Privacy and secrecy

There will not be any civilization worth the name if it does not grant certain amount of privacy to its members. But different civilizations put different premium on it.  Privacy does not fascinate Indians much. Most of us will see it with indifference. I am not aware of a large amount of work done on ‘privacy’ by our sociologists. We lack a sound theory on it. Our understanding and appreciation of privacy is very low. However, some changes can be seen occurring in favor of privacy. Most of these changes are an outcome of ‘globalization’ and industrialization which are rather new phenomenon. Globalization and industrialization are forcing Indians to deal with other cultures where people put a high premium on privacy. Recently, a comparative study was done by CMU on how Americans and Indians perceive privacy [2].

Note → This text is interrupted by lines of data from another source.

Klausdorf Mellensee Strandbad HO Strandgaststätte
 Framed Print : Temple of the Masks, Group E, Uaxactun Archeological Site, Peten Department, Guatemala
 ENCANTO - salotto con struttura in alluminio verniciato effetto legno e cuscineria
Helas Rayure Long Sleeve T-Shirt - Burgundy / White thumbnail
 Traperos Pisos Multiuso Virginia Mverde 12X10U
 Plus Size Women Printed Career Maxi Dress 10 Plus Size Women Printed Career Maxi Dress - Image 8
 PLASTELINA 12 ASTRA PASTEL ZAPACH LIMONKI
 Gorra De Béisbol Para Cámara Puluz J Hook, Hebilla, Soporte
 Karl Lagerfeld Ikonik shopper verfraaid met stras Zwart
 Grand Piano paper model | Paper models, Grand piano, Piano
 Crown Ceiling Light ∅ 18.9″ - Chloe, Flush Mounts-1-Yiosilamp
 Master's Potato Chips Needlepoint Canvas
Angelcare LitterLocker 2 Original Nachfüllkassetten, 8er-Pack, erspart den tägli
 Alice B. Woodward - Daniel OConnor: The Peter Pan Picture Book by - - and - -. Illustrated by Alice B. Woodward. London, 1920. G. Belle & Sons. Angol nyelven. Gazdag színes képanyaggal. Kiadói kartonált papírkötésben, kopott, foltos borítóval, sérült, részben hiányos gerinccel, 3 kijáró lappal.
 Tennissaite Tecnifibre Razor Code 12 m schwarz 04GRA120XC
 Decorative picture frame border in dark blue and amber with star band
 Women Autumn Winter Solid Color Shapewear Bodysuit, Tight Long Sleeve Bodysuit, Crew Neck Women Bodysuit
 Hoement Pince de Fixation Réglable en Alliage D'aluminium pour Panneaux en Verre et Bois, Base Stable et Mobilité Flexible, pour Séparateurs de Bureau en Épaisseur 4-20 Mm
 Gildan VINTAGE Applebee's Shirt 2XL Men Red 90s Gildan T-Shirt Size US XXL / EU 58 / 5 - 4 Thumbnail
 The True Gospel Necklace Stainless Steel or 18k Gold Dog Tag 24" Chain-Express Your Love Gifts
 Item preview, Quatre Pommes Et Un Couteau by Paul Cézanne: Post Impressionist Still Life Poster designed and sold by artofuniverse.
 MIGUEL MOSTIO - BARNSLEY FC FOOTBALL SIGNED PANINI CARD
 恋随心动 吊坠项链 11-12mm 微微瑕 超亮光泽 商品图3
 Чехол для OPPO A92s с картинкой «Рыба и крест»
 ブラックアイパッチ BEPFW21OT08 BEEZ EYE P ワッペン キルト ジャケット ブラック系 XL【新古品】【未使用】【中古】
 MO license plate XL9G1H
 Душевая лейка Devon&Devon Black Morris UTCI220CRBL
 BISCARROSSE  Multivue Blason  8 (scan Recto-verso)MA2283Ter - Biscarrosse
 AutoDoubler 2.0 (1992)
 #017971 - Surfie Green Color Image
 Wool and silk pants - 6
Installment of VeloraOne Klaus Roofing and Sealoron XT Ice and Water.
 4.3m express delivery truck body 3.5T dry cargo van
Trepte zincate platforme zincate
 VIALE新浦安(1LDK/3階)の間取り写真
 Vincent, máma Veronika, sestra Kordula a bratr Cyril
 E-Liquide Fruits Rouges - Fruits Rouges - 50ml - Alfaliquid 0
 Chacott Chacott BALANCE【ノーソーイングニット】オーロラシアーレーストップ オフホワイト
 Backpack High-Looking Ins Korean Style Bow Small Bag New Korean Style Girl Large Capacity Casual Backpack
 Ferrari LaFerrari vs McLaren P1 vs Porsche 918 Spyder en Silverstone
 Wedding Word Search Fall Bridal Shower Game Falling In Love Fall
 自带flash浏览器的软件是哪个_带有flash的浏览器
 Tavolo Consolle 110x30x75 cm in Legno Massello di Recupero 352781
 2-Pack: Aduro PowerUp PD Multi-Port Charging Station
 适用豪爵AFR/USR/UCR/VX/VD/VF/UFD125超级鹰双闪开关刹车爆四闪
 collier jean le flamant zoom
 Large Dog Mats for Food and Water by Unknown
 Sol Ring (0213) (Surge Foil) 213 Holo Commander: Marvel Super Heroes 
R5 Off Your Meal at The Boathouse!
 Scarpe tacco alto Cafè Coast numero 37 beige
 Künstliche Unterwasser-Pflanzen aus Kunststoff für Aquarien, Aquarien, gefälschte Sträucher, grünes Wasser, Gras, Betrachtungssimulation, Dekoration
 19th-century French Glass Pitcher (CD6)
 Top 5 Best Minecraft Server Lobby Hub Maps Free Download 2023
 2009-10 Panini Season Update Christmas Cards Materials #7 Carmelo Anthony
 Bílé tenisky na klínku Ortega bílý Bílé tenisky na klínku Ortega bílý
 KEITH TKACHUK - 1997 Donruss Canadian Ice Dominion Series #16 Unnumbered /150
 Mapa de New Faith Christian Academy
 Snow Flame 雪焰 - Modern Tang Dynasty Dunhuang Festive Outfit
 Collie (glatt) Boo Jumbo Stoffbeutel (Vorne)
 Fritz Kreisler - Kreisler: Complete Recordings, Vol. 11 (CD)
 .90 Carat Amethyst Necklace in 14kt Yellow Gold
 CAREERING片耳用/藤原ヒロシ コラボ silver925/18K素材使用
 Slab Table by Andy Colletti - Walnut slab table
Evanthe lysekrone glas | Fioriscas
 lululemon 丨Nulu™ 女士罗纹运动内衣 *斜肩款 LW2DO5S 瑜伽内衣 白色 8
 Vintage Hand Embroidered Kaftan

Even in the most enlightened circles of Indian scholarship, privacy was given scant attention. Indian constitution does not guarantee the right to privacy as a fundamental right. It seems that the architects of our constitution did not get curious about privacy, and implications it might have on our society. However, the Supreme Court in two recent rulings has included the right to privacy within the ambit of the fundamental right to ‘personal liberty’ as embodied in Article 21. It would be interesting to watch how the apex court enlarges the scope of this right for the cases it will decide in the future’ [3]. But these are somewhat technical points  and their effects will be limited to a certain section of society which is very vocal about right and it is this section which usually defines what is forward-looking and socially acceptable.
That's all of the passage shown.